(Stored data)

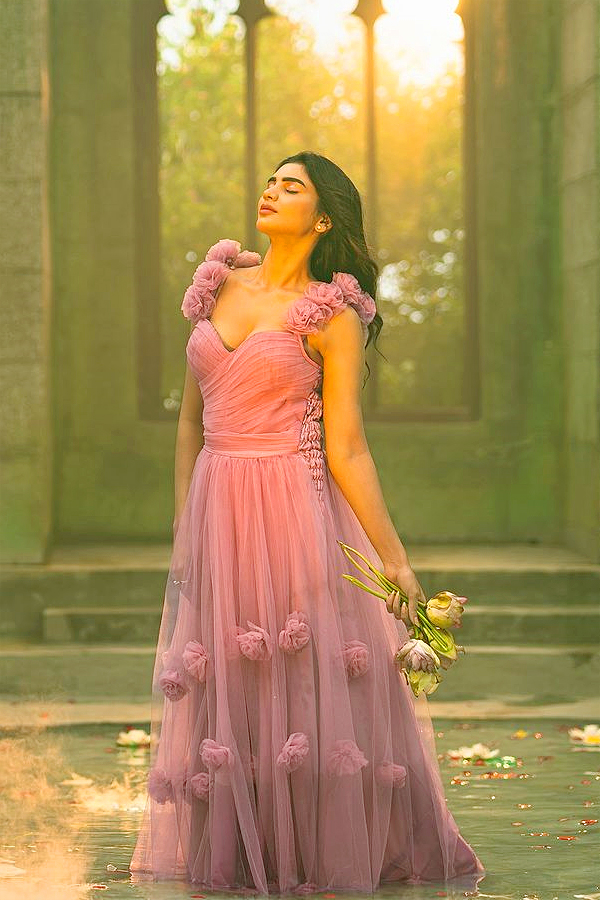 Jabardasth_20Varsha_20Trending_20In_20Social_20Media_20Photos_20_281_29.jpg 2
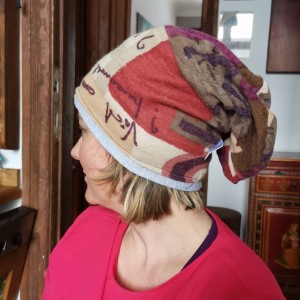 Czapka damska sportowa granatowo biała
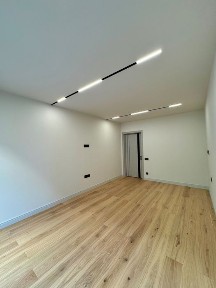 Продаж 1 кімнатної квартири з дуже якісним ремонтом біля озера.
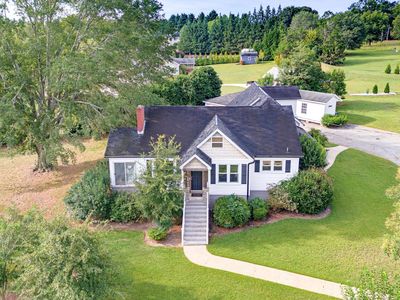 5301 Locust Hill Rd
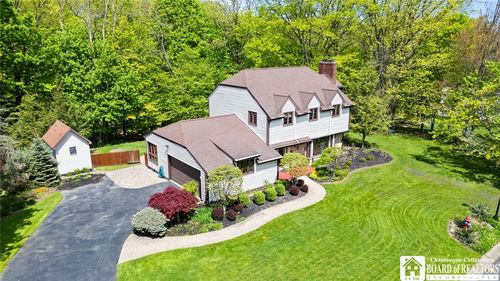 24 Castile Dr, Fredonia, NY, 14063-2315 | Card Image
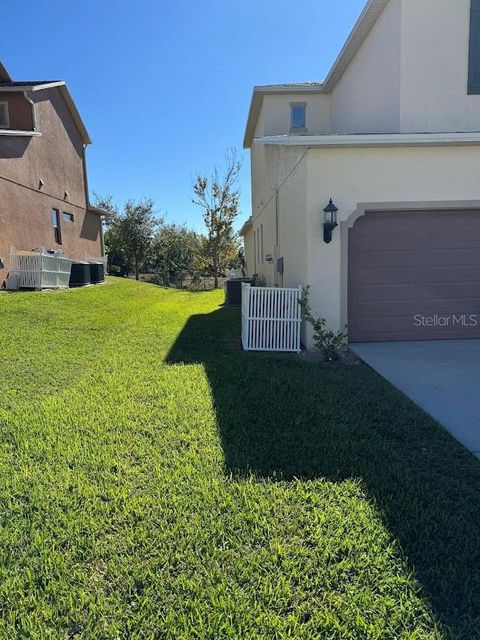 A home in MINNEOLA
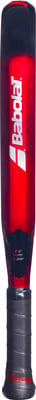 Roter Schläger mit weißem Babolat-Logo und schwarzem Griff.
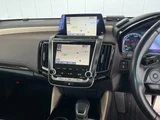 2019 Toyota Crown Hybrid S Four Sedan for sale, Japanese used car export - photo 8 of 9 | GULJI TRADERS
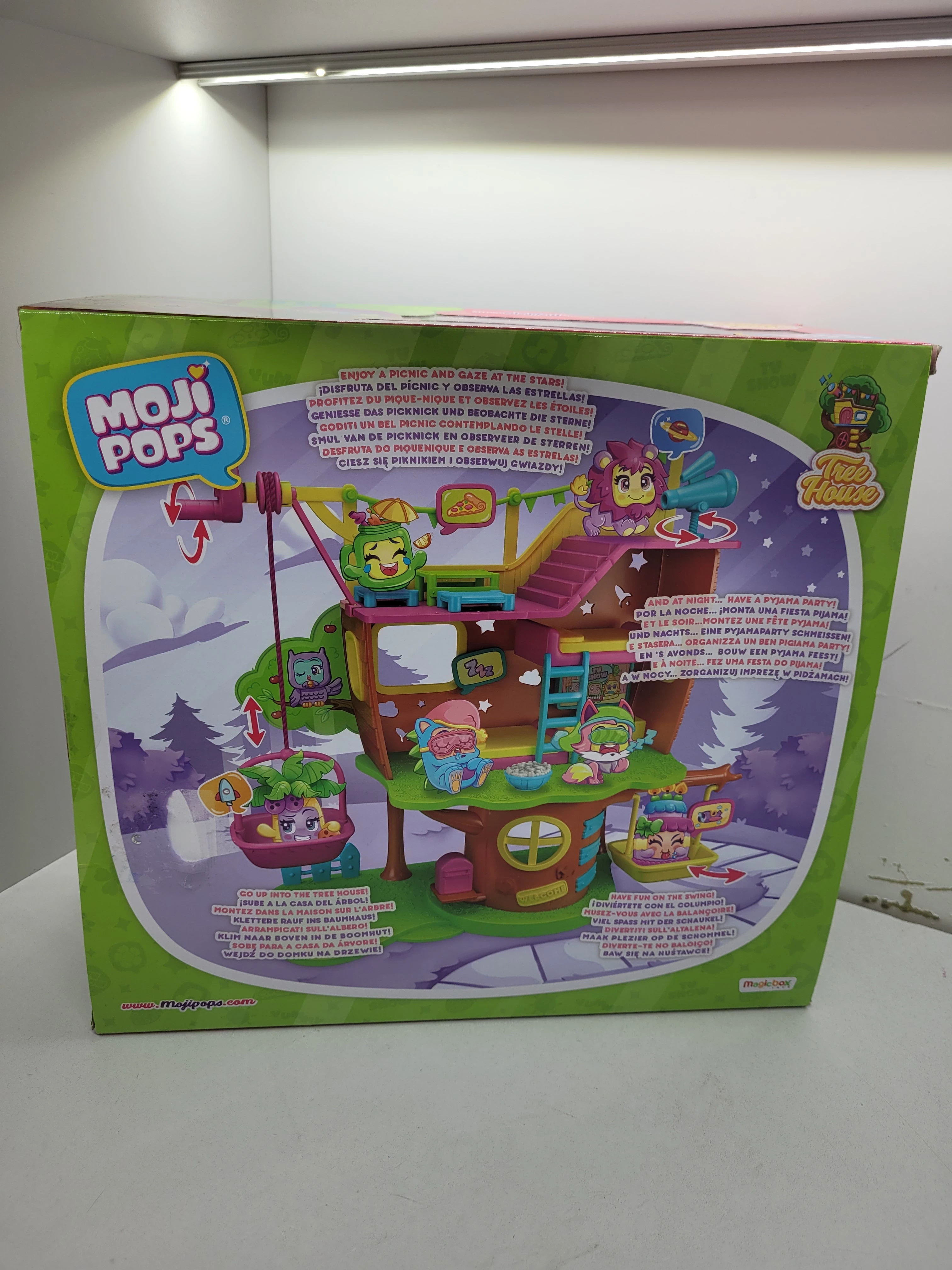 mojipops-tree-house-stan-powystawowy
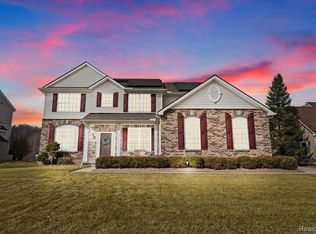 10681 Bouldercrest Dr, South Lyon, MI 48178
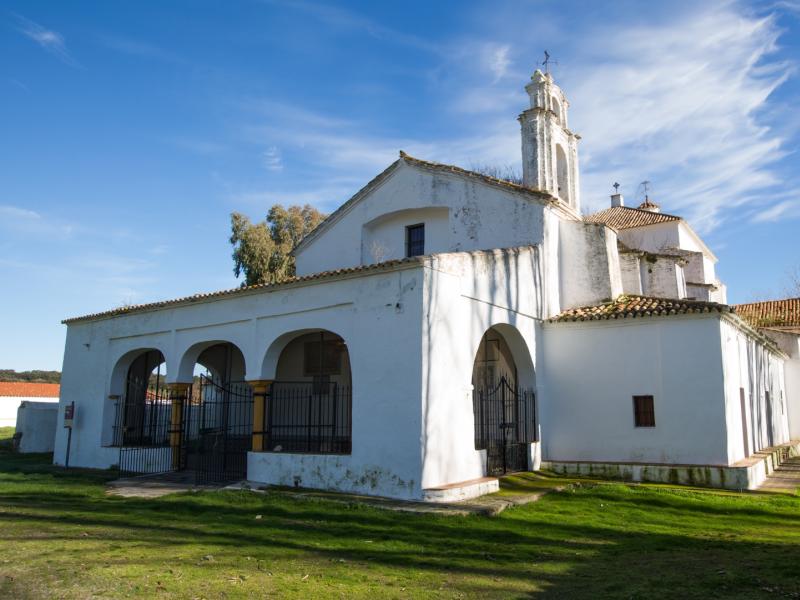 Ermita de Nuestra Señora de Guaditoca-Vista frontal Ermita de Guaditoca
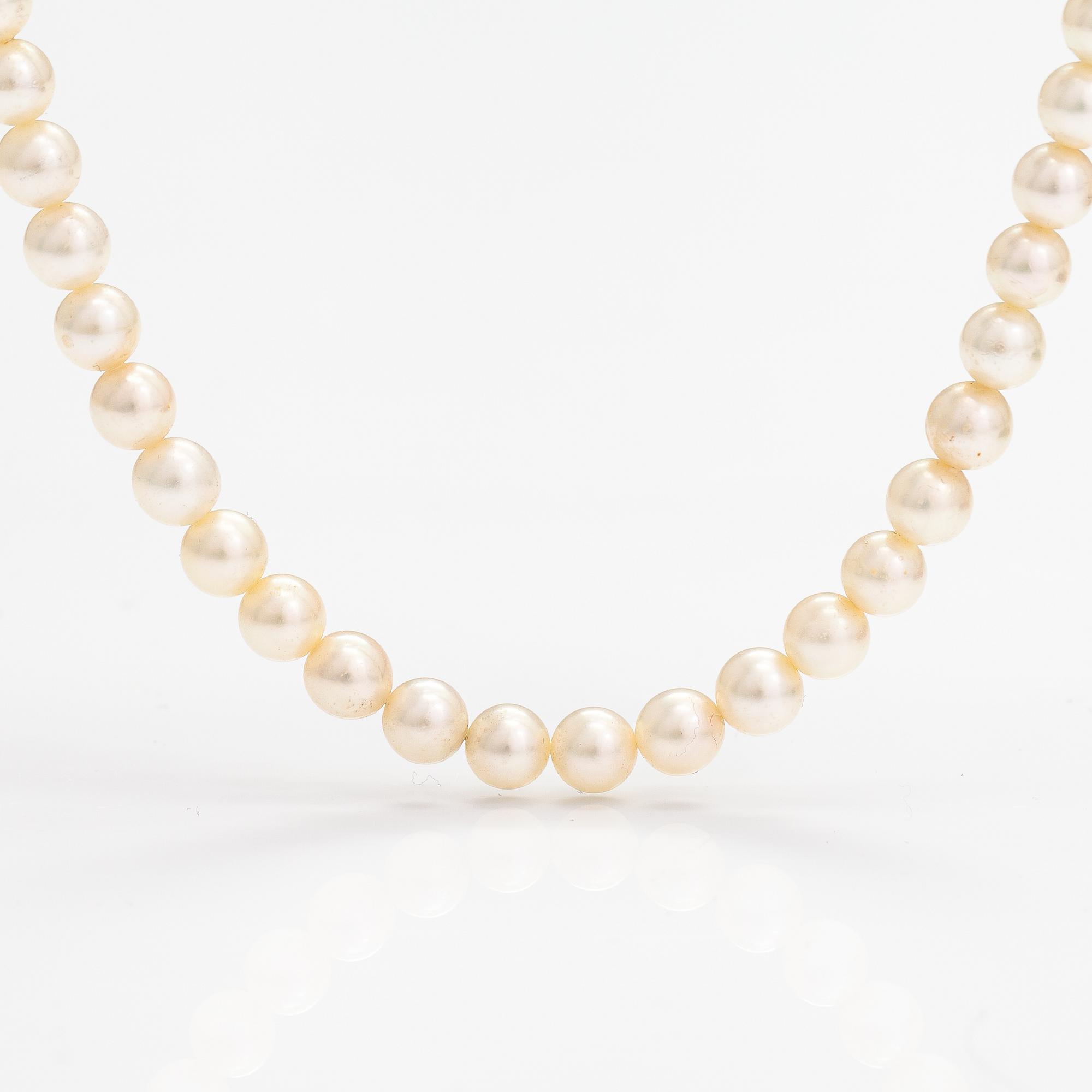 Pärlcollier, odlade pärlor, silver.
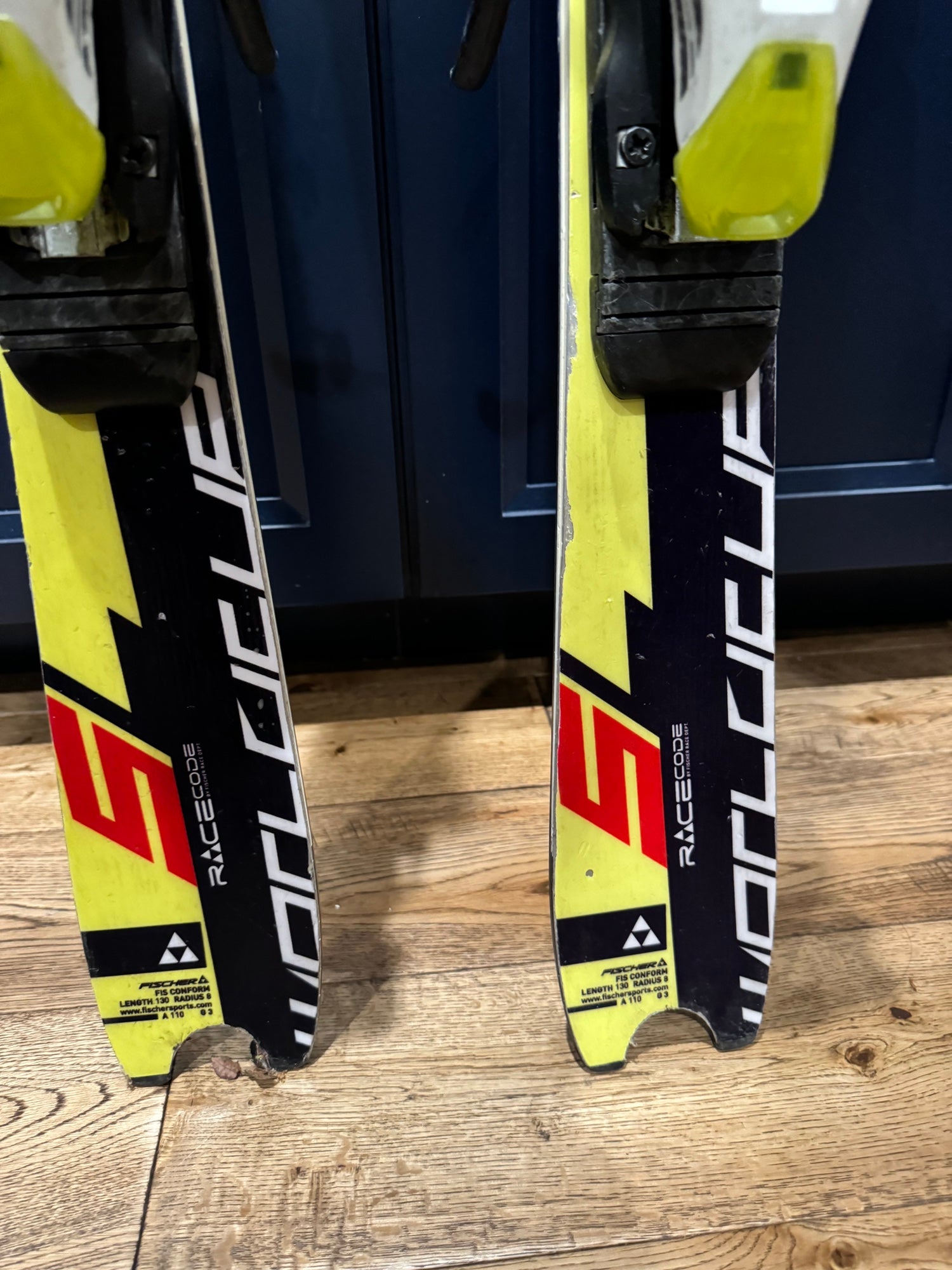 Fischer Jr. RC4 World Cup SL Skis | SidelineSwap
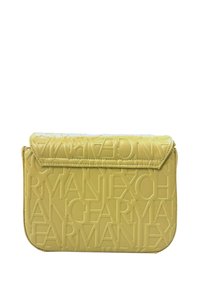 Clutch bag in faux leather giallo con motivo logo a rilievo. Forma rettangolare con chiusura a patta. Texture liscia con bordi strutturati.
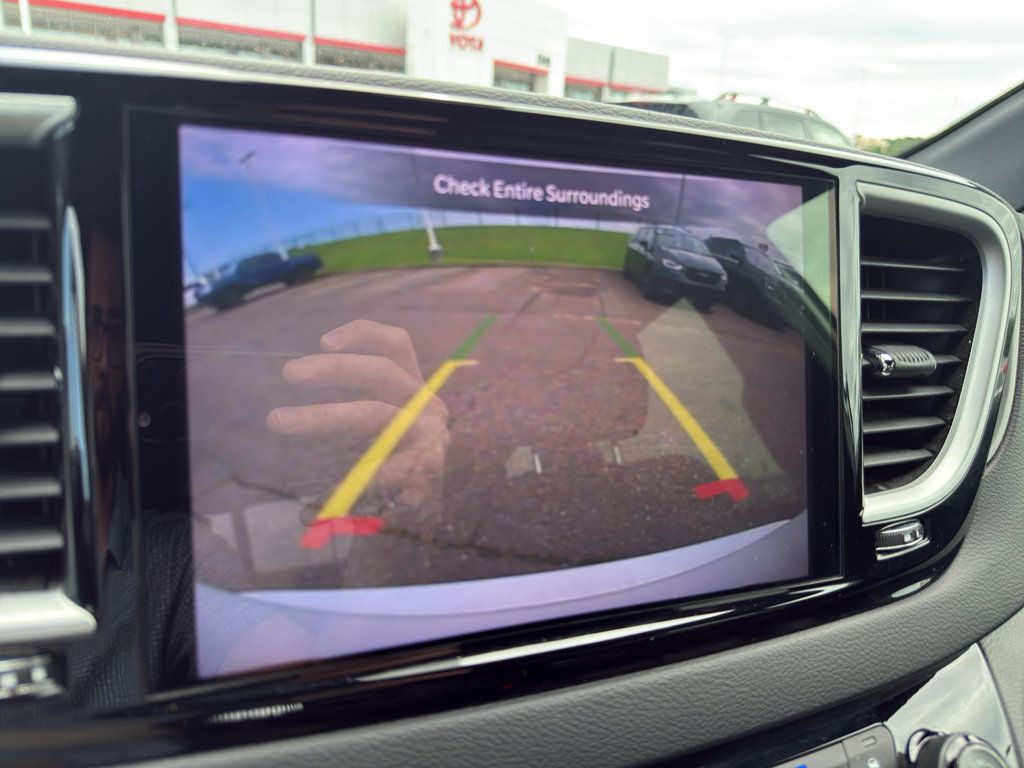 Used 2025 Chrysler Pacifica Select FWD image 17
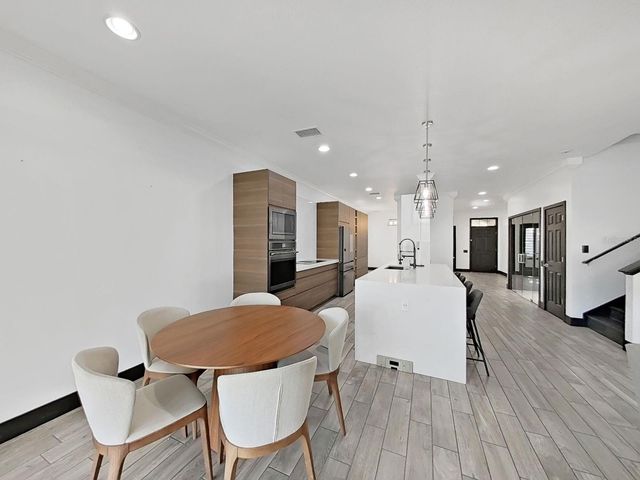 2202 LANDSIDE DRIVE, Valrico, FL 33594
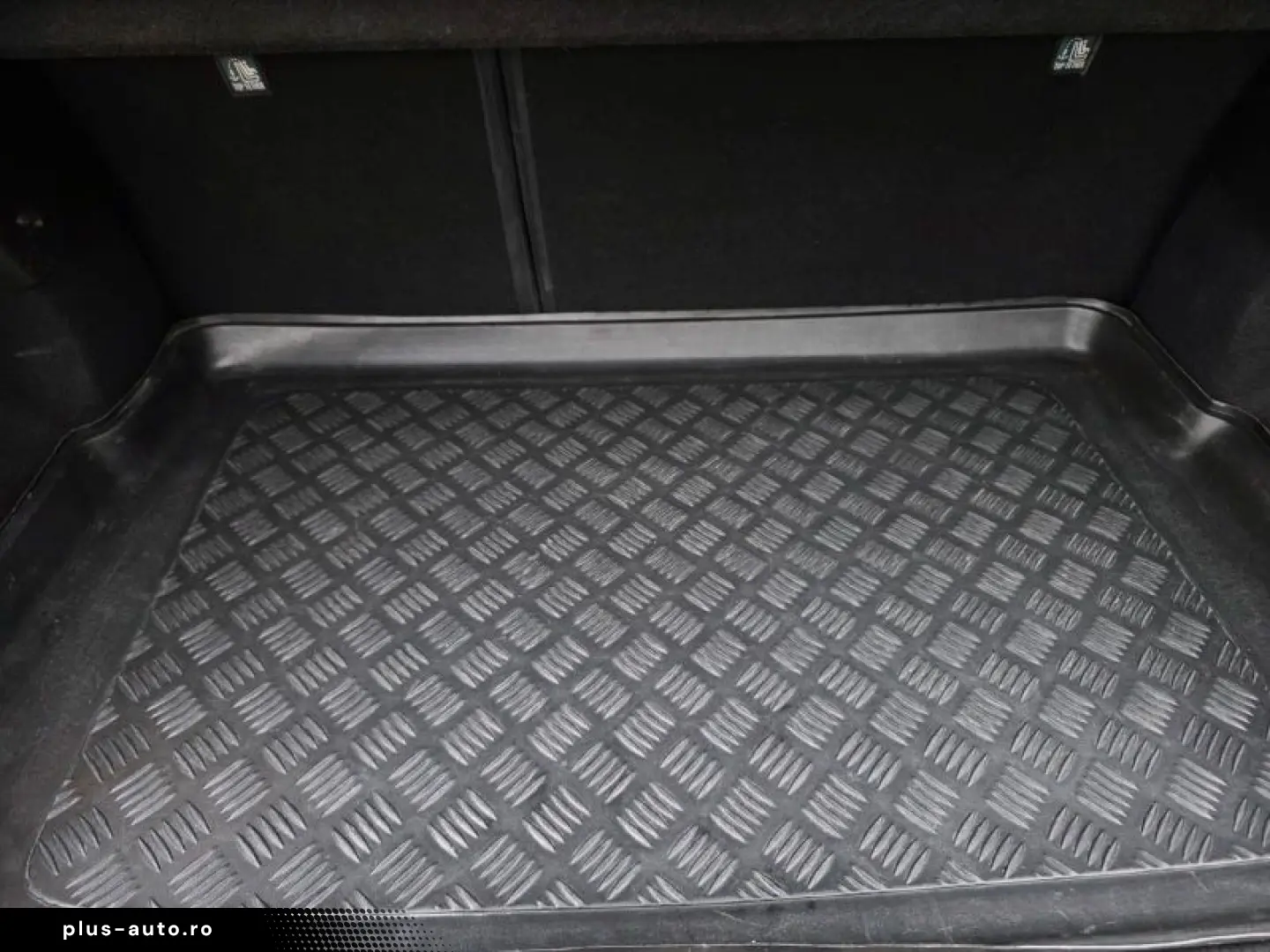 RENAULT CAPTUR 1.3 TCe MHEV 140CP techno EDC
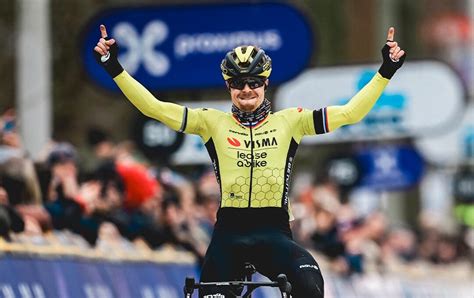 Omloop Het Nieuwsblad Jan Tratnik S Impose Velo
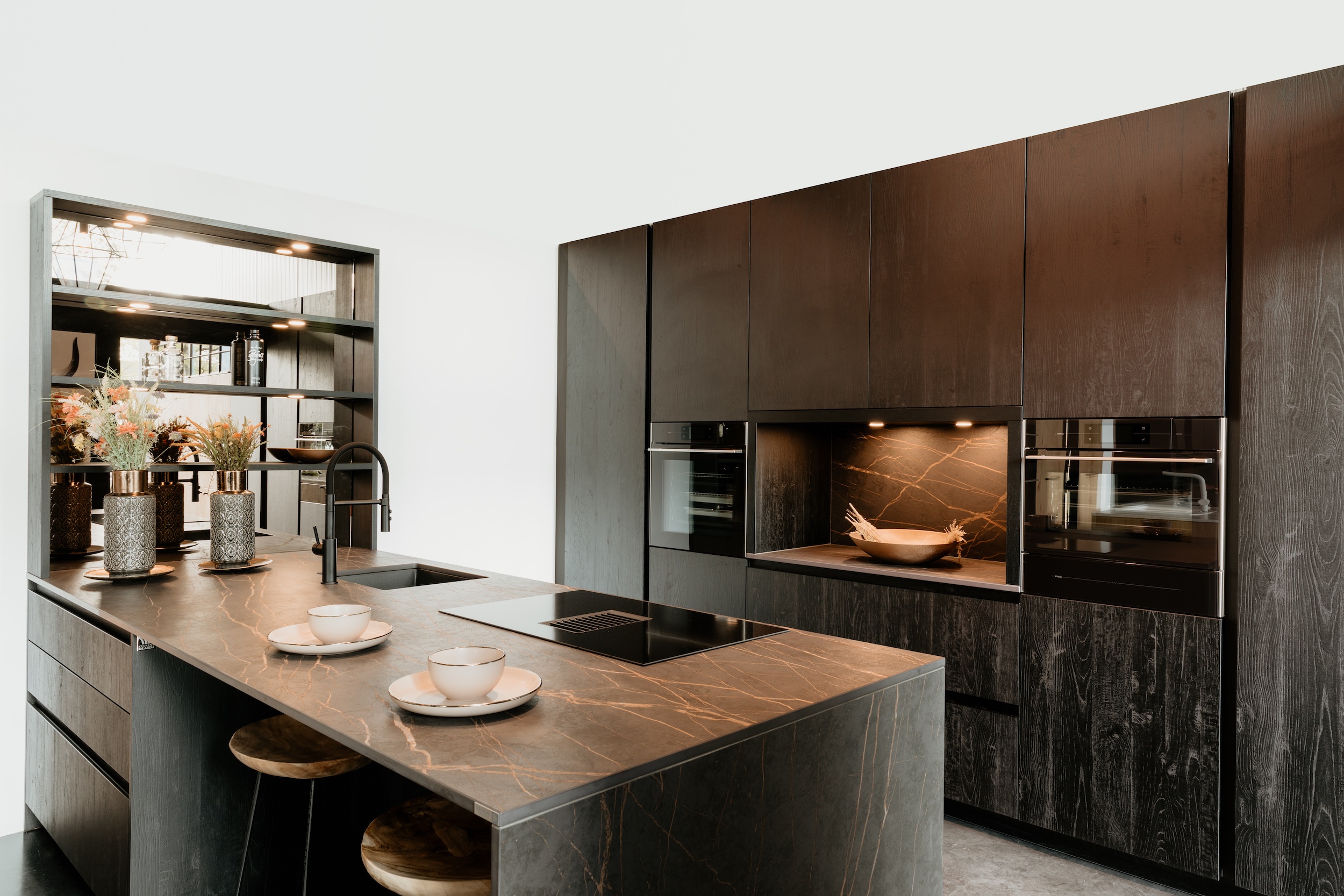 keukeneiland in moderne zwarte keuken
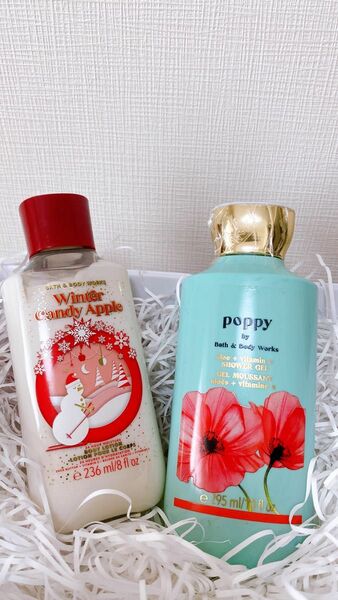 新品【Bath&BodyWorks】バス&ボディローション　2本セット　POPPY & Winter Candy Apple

What you will do.
The lines from the one holding "2202 LANDSIDE DRIVE, Valrico, FL 33594" through the end of the entries are to be transcribed exactly, both ends included, with the pictures left out.

Response to this exercise.
 2202 LANDSIDE DRIVE, Valrico, FL 33594
 RENAULT CAPTUR 1.3 TCe MHEV 140CP techno EDC
 Omloop Het Nieuwsblad Jan Tratnik S Impose Velo
 keukeneiland in moderne zwarte keuken
 新品【Bath&BodyWorks】バス&ボディローション　2本セット　POPPY & Winter Candy Apple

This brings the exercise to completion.